In 2017 Takata filed for bankruptcy. Honda and Nissan injury cases, along with those against Takata, now are handled by a bankruptcy court administrator. Victims injured in Hondas and Nissans must now use the bankruptcy process to have their claims heard and lose the chance to be awarded punitive damages. But the two carmakers lose the right to contest their liability, though they can argue about the amount of the award, if the case ultimately goes to trial. 

About 15.9 million of the faulty airbags still are in use, according to an independent monitor of the recall. Melton said it will take until 2035 to get all the airbags off the road or repaired. Automakers did not do a good job publicizing the recall, particularly in the early stages– often sending notices that looked like junk mail. 

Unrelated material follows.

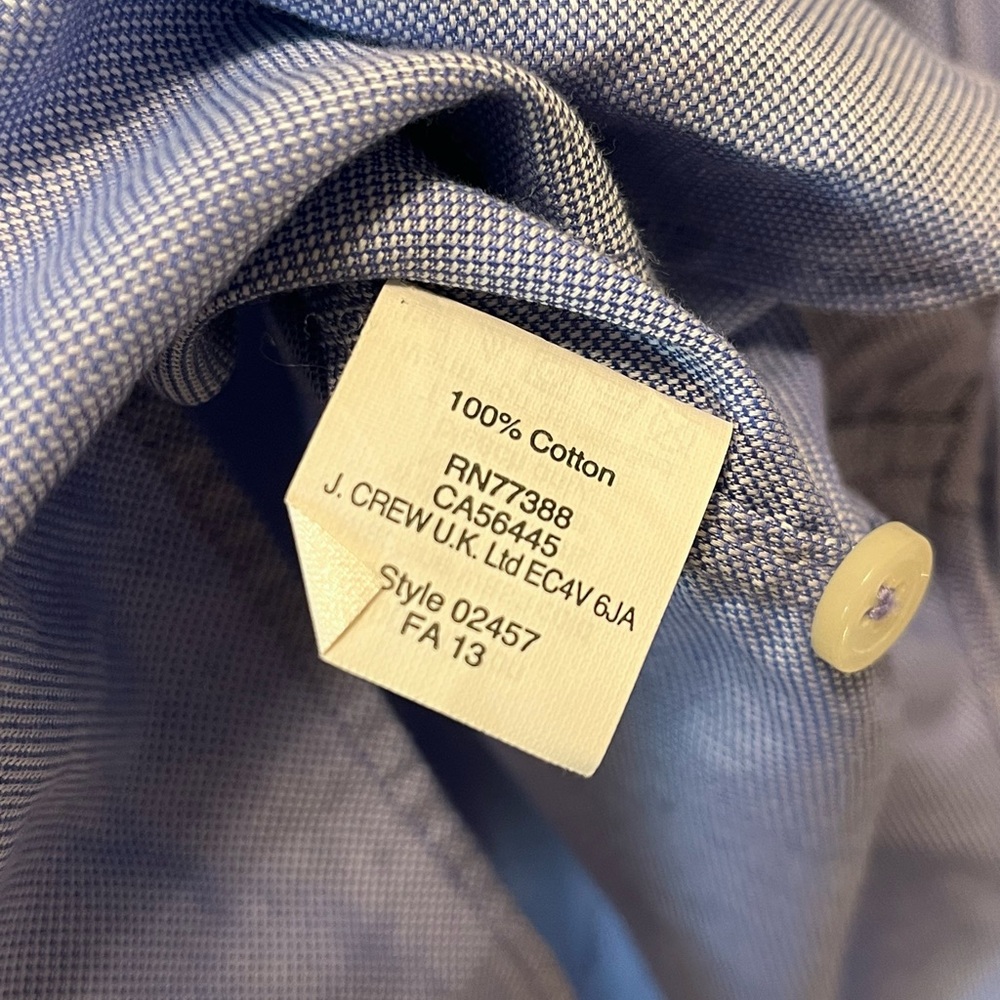 J.CREW Thompson Shirtings 80's 2-Ply Long Sleeve Shirt XL Blue 17-17 1/2 Career - Picture 11 of 14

The focus now has turned to other carmakers. Some victims injured by the airbags have tapped into a $125 million settlement fund set up by the Bankruptcy Court. But, Melton said, while that may seem like a lot of money at first blush, with so many cars and years of potential claims and victims coming, the administrators can only pay out of fraction of the full value of what the claim might be worth in court during a jury trial

Only Honda and Nissan opted to participate in the bankruptcy claims process.  Other carmakers who didn’t opt in and participate in the bankruptcy claims process, can still be sued in state or federal by victims of ruptured Takata inflators. 

Sadly, more injuries and deaths are likely.

While most of the early claims were for model years 2000-2004, Melton said later model cars now are experiencing the problems. Car owners should check if their airbags have been recalled, even if they haven’t gotten an official notice.

“It’s far from over. These incidents are still continuing to happen across the country,” Melton said.